ストレートに彼女のパーソナルを大事にしながらサクセスストーリーを映像として紡いでいる。最後のメルボルンカップのシーンは競馬の興奮や楽しさを目一杯に詰め込んで、ほぼリアルタイムで描ききる。彼女のゆかりの人々が応援するところとレースのカットバックもなかなかうまい!競馬ファンが興奮する作りになっている。
ミシェルは10人兄弟の家族に生まれ、彼女は下から二番目。幼い時に後で調教師になるダウン症の弟が産まれて、母はあの世に。そして、馬を育てる父のもとで、8人が騎手になるという競馬一家。姉が一人落馬でなくなったりもする。そんな中で、ミシェルは騎手としての階段を登ろうとするが、デビューから順調ではない。無理な減量のあとのレースに勝ちはするが落馬。瀕死の状態になる。そこからの復帰。馬との出会い。様々な思いがつながっていき、メルボルンカップへの騎乗を勝ち取る。

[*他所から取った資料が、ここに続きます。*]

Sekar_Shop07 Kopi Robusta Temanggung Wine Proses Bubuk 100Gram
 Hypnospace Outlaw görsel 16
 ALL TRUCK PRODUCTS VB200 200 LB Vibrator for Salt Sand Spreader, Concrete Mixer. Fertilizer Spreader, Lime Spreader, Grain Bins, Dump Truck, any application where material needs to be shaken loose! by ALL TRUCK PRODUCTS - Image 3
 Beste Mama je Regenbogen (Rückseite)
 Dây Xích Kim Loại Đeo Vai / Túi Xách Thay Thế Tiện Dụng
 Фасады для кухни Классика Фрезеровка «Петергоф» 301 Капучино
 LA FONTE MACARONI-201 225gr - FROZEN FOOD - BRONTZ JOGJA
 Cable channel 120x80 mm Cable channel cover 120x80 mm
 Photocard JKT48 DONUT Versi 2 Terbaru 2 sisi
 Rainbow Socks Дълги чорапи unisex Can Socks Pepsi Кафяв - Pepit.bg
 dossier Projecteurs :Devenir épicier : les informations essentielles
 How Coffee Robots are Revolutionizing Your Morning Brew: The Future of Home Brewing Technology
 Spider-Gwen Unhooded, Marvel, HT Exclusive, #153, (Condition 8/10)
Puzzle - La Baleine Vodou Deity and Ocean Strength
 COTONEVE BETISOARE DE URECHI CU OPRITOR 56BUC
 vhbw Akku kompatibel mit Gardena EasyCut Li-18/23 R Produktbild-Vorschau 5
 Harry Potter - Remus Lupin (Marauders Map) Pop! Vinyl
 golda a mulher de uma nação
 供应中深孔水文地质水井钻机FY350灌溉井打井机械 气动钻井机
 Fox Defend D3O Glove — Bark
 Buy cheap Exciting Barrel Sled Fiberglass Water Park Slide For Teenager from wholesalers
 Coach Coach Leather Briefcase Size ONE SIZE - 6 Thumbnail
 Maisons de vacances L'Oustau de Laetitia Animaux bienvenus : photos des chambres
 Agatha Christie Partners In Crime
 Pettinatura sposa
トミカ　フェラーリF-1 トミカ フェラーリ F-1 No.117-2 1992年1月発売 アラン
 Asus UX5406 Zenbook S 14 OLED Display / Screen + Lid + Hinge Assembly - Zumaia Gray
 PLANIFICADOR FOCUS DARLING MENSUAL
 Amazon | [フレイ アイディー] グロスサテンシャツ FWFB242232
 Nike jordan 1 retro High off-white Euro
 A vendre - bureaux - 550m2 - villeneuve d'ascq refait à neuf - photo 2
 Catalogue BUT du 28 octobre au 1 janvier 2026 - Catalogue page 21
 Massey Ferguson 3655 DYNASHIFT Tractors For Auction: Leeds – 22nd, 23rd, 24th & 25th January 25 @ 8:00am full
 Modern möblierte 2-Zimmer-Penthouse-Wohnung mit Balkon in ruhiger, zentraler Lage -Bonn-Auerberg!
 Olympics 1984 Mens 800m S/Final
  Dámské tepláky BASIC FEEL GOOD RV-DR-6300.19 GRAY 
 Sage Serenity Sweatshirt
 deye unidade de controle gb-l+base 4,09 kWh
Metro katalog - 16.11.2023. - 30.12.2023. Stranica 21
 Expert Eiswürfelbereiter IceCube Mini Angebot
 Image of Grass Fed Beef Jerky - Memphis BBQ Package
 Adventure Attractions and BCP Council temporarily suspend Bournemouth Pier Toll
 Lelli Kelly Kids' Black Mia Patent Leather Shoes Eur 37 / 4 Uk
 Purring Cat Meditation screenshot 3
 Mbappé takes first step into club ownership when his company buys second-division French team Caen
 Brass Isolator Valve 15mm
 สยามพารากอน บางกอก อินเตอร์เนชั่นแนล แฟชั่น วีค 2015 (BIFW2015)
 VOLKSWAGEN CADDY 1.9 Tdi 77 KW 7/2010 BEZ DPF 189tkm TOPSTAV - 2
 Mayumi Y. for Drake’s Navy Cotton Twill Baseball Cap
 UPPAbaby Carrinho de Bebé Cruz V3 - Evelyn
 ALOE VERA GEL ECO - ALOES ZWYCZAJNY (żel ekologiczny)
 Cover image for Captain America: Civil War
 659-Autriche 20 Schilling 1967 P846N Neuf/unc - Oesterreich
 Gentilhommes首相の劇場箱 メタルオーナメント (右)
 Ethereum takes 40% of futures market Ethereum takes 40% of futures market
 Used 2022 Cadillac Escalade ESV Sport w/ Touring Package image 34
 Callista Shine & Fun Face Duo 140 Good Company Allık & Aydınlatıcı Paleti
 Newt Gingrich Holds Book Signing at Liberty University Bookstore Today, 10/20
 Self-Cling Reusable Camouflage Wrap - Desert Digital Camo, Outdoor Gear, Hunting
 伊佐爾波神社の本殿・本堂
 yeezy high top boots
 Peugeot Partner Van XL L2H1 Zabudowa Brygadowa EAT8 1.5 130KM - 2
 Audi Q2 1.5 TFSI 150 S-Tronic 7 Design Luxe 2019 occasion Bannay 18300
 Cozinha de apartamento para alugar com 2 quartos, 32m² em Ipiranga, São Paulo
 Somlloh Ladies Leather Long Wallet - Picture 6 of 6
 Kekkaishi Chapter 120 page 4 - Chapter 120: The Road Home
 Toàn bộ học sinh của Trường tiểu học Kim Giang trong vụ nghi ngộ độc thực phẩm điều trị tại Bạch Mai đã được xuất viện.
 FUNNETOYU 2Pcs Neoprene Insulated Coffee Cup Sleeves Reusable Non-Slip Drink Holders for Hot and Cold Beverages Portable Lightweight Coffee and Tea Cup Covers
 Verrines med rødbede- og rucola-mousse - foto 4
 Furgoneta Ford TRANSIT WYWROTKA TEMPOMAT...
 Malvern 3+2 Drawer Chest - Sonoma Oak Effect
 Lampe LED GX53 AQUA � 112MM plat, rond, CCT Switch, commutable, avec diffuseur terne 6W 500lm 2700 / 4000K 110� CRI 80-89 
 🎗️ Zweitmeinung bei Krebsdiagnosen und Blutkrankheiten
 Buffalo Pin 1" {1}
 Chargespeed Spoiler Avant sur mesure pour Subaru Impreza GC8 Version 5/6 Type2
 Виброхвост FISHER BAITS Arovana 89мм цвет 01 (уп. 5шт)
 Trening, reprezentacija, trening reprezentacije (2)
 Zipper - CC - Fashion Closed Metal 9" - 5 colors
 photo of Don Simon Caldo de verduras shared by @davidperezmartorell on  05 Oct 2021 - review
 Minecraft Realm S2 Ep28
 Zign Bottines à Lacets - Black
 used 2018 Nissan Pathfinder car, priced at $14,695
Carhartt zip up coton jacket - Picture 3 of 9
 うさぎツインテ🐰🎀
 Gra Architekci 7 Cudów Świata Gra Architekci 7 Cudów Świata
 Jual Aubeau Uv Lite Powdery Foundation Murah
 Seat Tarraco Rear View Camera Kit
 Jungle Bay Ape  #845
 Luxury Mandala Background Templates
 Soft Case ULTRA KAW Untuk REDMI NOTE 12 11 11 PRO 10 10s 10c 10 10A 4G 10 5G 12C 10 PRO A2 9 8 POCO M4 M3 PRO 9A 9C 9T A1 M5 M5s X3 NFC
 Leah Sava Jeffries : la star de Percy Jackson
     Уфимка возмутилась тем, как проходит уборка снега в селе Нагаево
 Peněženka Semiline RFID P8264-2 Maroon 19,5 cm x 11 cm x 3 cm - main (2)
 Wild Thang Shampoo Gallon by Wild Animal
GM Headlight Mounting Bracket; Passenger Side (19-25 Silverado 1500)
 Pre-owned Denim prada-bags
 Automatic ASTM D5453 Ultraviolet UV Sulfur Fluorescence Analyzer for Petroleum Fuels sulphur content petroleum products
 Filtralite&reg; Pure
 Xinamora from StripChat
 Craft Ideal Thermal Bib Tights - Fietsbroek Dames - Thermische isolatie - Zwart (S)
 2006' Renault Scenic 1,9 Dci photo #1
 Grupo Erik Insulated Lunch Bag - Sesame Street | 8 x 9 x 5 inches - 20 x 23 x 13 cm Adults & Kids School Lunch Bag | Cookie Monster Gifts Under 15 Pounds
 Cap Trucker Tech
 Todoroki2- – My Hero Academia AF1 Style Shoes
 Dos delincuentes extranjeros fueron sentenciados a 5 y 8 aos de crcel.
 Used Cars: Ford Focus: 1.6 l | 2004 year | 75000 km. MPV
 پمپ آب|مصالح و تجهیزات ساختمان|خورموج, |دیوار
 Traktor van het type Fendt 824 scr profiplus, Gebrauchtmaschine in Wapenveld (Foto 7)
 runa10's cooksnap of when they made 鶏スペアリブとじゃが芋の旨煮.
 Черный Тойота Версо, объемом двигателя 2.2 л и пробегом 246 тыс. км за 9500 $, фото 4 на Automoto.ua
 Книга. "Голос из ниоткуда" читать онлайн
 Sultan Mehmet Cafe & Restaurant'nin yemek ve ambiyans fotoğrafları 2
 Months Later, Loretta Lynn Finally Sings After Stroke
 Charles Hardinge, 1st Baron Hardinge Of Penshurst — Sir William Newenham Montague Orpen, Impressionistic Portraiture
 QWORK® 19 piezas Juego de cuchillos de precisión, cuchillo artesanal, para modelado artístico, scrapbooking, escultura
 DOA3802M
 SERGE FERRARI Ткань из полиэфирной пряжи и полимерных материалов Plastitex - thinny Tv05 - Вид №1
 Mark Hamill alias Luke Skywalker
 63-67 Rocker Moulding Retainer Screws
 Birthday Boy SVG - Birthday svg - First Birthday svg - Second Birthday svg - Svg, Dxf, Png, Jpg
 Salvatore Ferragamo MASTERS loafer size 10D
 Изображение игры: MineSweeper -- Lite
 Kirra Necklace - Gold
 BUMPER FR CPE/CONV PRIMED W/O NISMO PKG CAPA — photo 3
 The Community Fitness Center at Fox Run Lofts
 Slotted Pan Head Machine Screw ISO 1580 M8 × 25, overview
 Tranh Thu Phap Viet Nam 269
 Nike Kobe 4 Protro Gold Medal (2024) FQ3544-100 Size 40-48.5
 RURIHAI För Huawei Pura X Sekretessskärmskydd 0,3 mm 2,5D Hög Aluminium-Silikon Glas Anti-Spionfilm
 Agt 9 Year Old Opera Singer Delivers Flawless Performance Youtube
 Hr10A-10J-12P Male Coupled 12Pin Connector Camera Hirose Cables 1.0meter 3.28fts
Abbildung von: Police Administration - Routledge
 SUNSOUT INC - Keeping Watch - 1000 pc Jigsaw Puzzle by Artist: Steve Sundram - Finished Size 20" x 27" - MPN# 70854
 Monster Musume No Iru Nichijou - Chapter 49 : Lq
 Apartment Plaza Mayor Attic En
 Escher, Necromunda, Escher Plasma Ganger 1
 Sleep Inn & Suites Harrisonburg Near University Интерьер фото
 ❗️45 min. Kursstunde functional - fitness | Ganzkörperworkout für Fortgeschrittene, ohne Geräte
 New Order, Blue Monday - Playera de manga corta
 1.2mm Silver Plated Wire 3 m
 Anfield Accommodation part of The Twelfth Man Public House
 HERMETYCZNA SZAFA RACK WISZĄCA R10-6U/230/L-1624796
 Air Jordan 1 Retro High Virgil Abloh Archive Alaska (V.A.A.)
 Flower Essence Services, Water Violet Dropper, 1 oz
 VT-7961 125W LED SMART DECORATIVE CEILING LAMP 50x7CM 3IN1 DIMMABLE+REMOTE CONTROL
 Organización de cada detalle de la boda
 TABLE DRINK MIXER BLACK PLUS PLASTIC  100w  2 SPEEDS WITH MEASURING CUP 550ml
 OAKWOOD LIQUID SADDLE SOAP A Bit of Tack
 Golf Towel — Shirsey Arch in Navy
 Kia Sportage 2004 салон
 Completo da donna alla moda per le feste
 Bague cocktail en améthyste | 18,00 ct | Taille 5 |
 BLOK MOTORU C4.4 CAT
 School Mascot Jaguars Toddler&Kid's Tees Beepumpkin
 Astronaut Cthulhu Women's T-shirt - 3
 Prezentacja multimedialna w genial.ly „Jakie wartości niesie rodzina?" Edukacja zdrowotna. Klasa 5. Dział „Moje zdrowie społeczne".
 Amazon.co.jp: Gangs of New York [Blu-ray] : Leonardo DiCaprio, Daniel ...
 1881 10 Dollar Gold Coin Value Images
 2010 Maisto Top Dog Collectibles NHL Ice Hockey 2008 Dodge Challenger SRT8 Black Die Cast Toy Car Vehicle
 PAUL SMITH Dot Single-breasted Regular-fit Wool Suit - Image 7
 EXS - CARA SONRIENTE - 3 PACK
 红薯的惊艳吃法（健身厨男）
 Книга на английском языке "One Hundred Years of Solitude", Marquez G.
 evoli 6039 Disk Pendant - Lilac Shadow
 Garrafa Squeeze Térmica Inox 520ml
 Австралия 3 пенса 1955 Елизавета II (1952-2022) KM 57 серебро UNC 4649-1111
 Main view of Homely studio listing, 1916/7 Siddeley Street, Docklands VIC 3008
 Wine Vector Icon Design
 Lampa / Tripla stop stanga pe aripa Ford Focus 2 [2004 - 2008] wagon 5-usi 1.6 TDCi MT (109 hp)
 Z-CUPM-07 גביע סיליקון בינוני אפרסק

主人公は、とにかく、これ以上ないだろうというほど強気でアグレッシブだ。思いを果たすためにただ真っ直ぐなのは気持ち良い。周囲の家族は反対をしても、その頑固さが崩れないことを知っている。そんな彼女だからこそ、勝った時の家族や周囲の人々の喜びも半端ない。その空気が見事に出ているラストは競馬場で応援した後のように心地よかった。
そして、監督は「女性だから」というハンデを乗り越えたことを明確に伝え、彼女が世の中に伝えたことをわかりやすく映画として作り上げている。
作り上げられた映像は、競馬の迫力や魅力を存分に伝えてくれている。レース中の位置取り、馬場の選び方、競馬ファンも唸らせる細かい描写もあり、レースシーンは、実際の競馬場でそれを観ているようなライブ感プラスアルファな出来になっている。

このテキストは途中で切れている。